For workshop I will present on microservices and communication patterns I need attendees to have their own local Kafka Cluster. I have found a way to have them up and running in virtually no time at all. Thanks to the combination of:
- Kubernetes
- Minikube
- The Yolean/kubernetes-kafka GitHub Repo with Kubernetes yaml files that creates all we need (including Kafka Manager)
Prerequisites:
- Minikube and Kubectl are installed
- The Minikube cluster is running (minikube start)
In my case the versions are:
Minikube: v0.22.3, Kubectl Client 1.9 and (Kubernetes) Server 1.7:
The steps I went through:
Git Clone the GitHub Repository: https://github.com/Yolean/kubernetes-kafka
From the root directory of the cloned repository, run the following kubectl commands:
(note: I did not know until today that kubectl apply –f can be used with a directory reference and will then apply all yaml files in that directory. That is incredibly useful!)

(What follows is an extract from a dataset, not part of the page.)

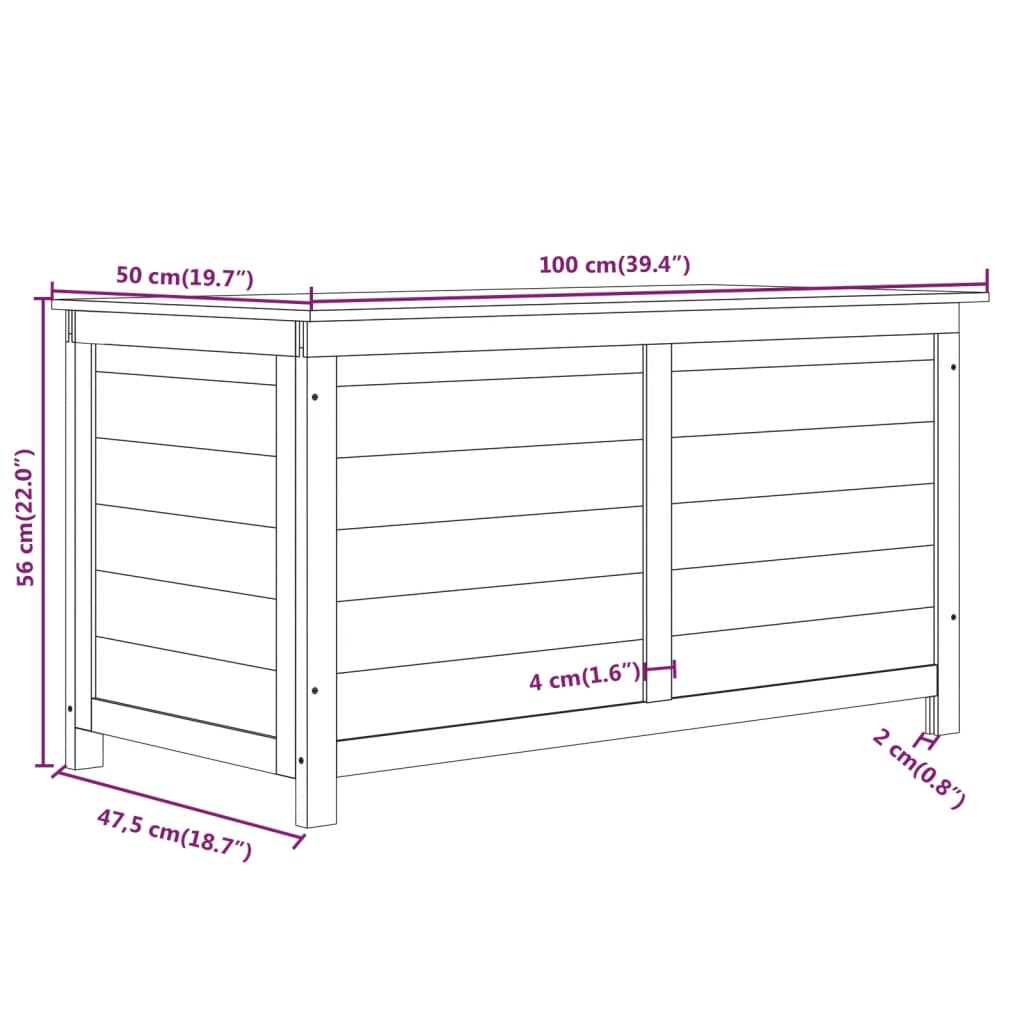 Dynbox för trädgården 100x50x56 cm massivt granträ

kubectl apply -f ./configure/minikube-storageclass-broker.yml
kubectl apply -f ./configure/minikube-storageclass-zookeeper.yml
(note: I had to comment out the reclaimPolicy attribute in both files – probably because I am running a fairly old version of Kubernetes)
kubectl apply -f ./zookeeper
kubectl apply -f ./kafka
(note: I had to change API version in 50pzoo and 51zoo as well as in 50kafka.yaml from apiVersion: apps/v1beta2 to apiVersion: apps/v1beta1 – see https://github.com/kubernetes/kubernetes/issues/55894 for details; again, I should upgrade my Kubernetes version)
To make Kafka accessible from the minikube host (outside the K8S cluster itself)
kubectl apply -f ./outside-services
This exposes Services as type NodePort instead of ClusterIP, making them available for client applications that can access the Kubernetes host.
I also installed (Yahoo) Kafka Manager:
kubectl apply -f ./yahoo-kafka-manager
(I had to change API version in kafka-manager from apiVersion: apps/v1beta2 to apiVersion: apps/v1beta1 )
At this point, the Kafka Cluster is running. I can check the pods and services in the Kubernetes Dashboard as well as through kubectl on the command line. I can get the Port at which I can access the Kafka Brokers:
And I can access the Kafka Manager at the indicated Port.
Initially, no cluster is visible in Kafka Manager. By providing the Zookeeper information highlighted in the figure (zookeeper.kafka:2181) I can make the cluster visible in this user interface tool.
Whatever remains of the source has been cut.